The paragraph is titled:  “ABOUT THE APPRAISAL FOUNDATION.”  It states the AF provides “guidance on recognized valuation methods and techniques for all valuation professionals.”  [Emphases added].

So what’s the problem?  There may be two in one sentence . . .

The world continues to change.

Those recognized methods and techniques were developed early in the last century.  We don’t even properly call them them “methods and techniques.”  We call them models and algorithms.  (Less art, more science.)

Analysts make decisions and judgments about models.  Computer power carries out the algorithms.  Today’s AF standards were substantially written before even hand calculators were available!  No algorithms.  Not the way we know them today!

Those Appraisal Standards were substantially written for the AIREA and the SREA, the predecessor organizations to today’s Appraisal Institute.  They were adapted with input from the ASA and other appraisal organizations for final “ownership” by the AF.

The USPAP then became an “annually revised” quasi-governmental document.
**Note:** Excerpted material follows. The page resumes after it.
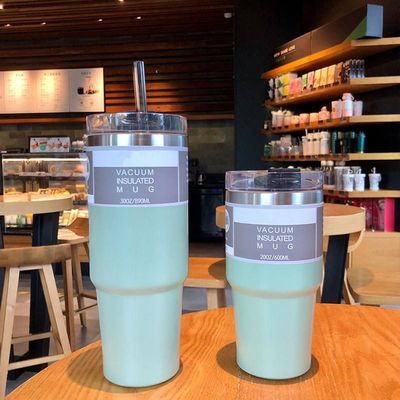 カスタムデザイン 20OZ 30OZ ステンレス鋼水瓶 色彩豊かなストロー真空隔熱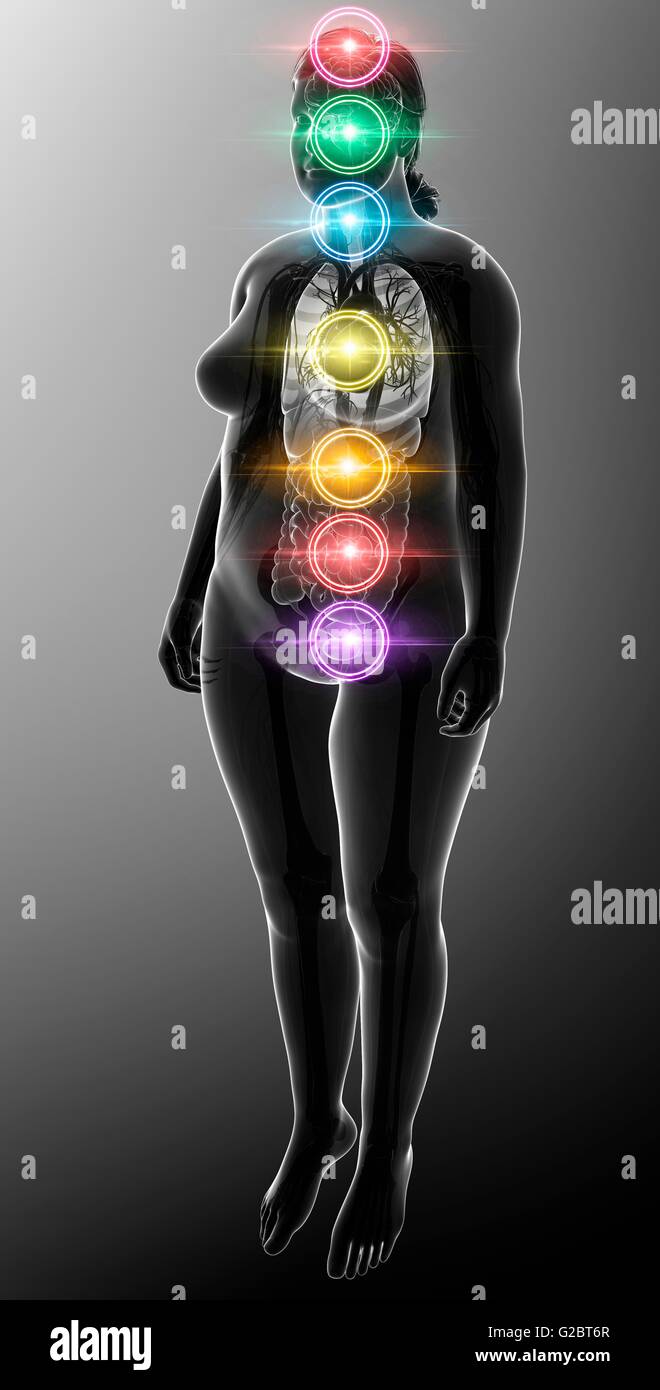 Les points d'énergie Chakra, illustration. Banque D'Images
Which in turn became irregularly and unevenly “enforced “ by 54 states and territories.

And further in turn, it conflicted with several alternative standards of federal organizations, the professional groups, and international valuation standards (IVS).

AVMs (Automated Valuation Standards) have no standards.  “Interagency” evaluations, which may be performed by a non-appraiser, have lesser/different/vaguer requirements.  And of course, many loans can be made based on “appraisal waivers,third-party inspections, “desktops” or “hybrids.”  All these have to do with “methods and techniques” and inspection (data collection) conditions – but not directly about accuracy, unbiasedness, or reliability.

Phew!

Yet all of these require some predetermination of risk.  Risk that the valuation is itself a part of.  We measure risk by predetermining the expected risk!

So, what are “recognized methods and techniques”?  It appears that only licensed appraisers are required to do it the old way.  The way developed in the last century.

The recognized methods comprise the “three approaches to value:” cost, income, comparison.

So what’s the issue?  Let’s revisit our topic sentence:  The AF provides “guidance on recognized valuation methods and techniques for all valuation professionals.”  Two issues here:

  • What is recognized, and what is “not recognized?” Recognized seems to mean only the three legacy “approaches.”  Apparently not data science protocol, not focus on market analysis, not focus on measurable reliability, and not focus on limiting opportunity for bias!
  • Who are all valuation professionals? USPAP only applies to licensed appraisers in the several states.  It appears that the AF quasi-legal standards only apply to a few.  All others appear to be exempt!

Can we conclude that USPAP does not apply to “all valuation professionals?”  Can we conclude that the restriction to “recognized” methods and techniques holds back, and or even precludes progress in data management, predictive methods, and today’s dramatically-changed role of professional judgment.

WE MEASURE MARKETS, NOT COMPARE COMPS.